Segment Open

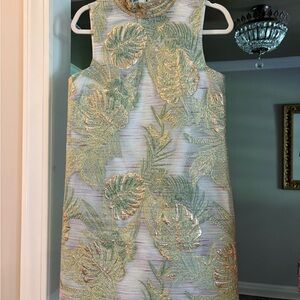 Alex Marie Green and Gold Mini Dress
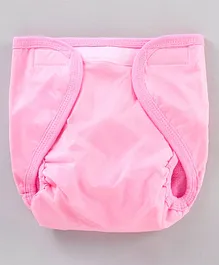 Child World Cloth Diaper With Velcro Solid Colour - Pink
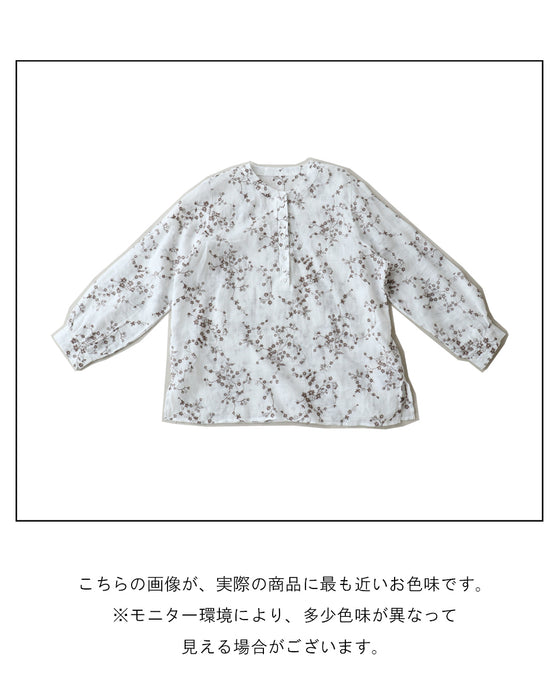 リネン100%つぶつぶまるっこい花刺繍ブラウス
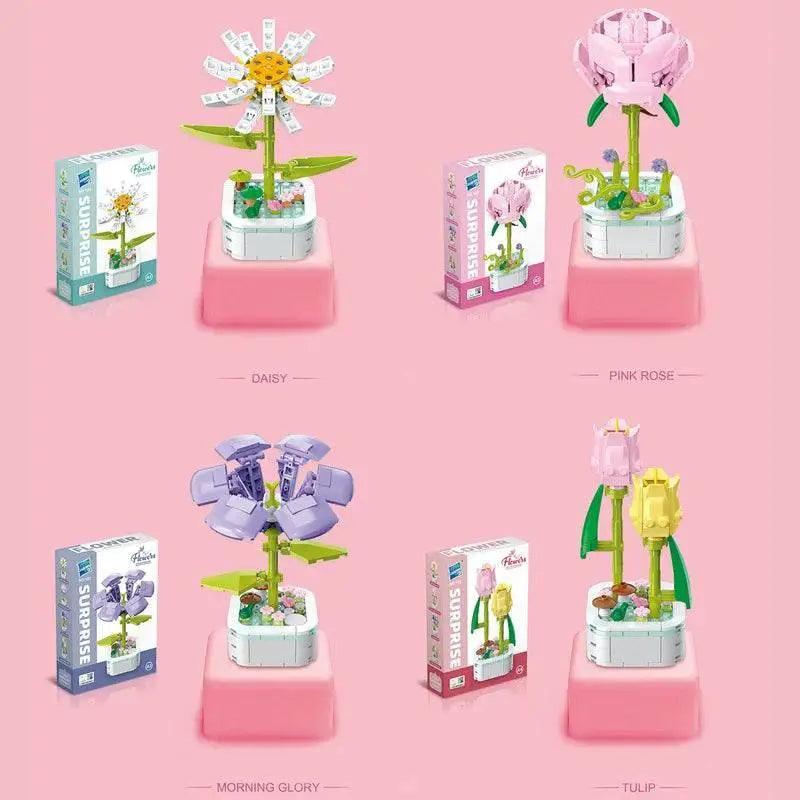  Bouquet Building Block Set Plant Potted Bricks Toys Girls Gifts -  ToylandEU™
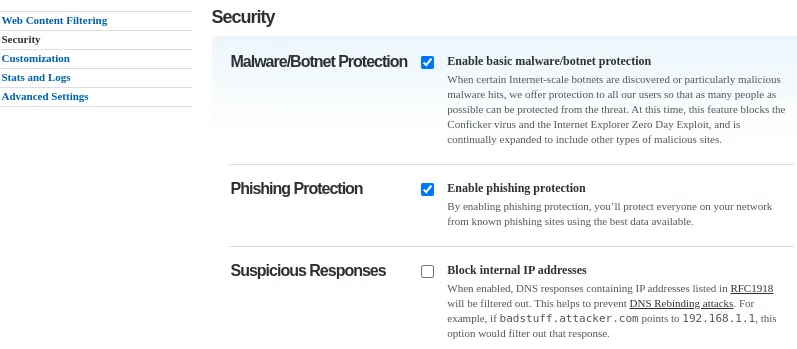 Cài đặt bảo mật của OpenDNS Home, giải thích các tùy chọn lọc nội dung khác nhau như chặn phishing, mã độc và các danh mục web cụ thể.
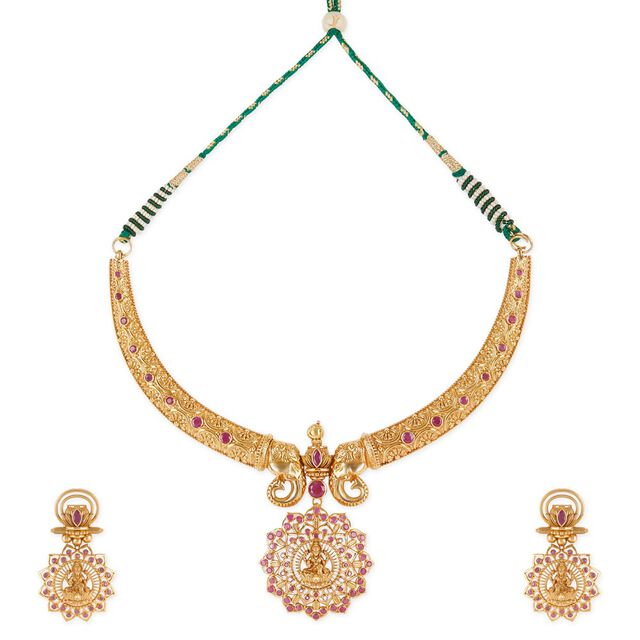 Tanishq 18KT Lakshmi 3-in-1 Hasli Necklace Set for Women 2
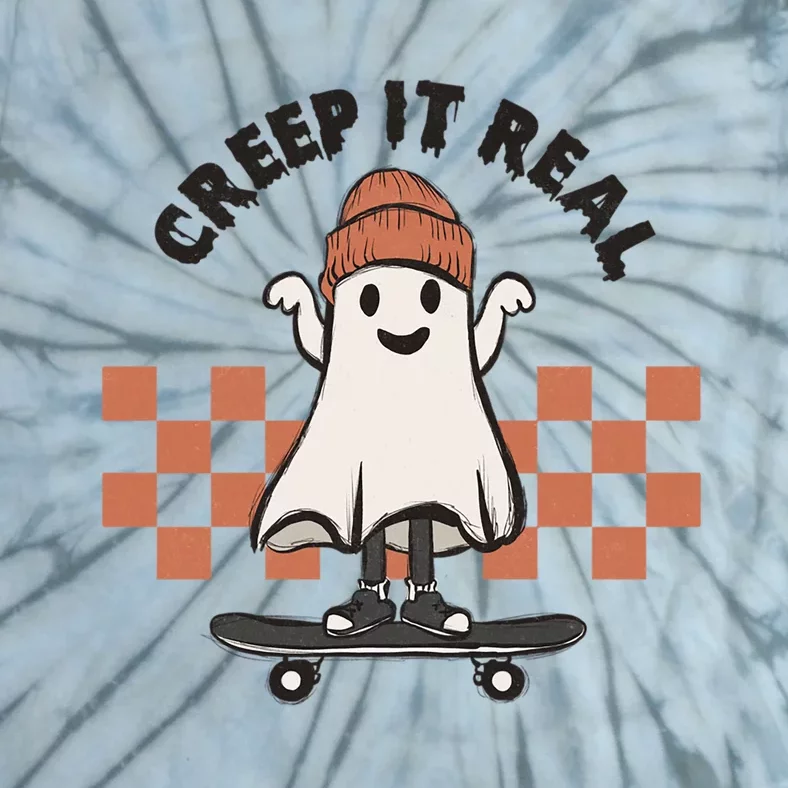 Creep It Real Cute Ghost Skateboard Lazy Halloween Costume Great Gift Tie-Dye T-Shirt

Segment Closed

Set down again, exactly, the lines from the one with "Tanishq 18KT Lakshmi" to the last line of the data, both included and pictures excluded.

Task solution:
 Tanishq 18KT Lakshmi 3-in-1 Hasli Necklace Set for Women 2
 Creep It Real Cute Ghost Skateboard Lazy Halloween Costume Great Gift Tie-Dye T-Shirt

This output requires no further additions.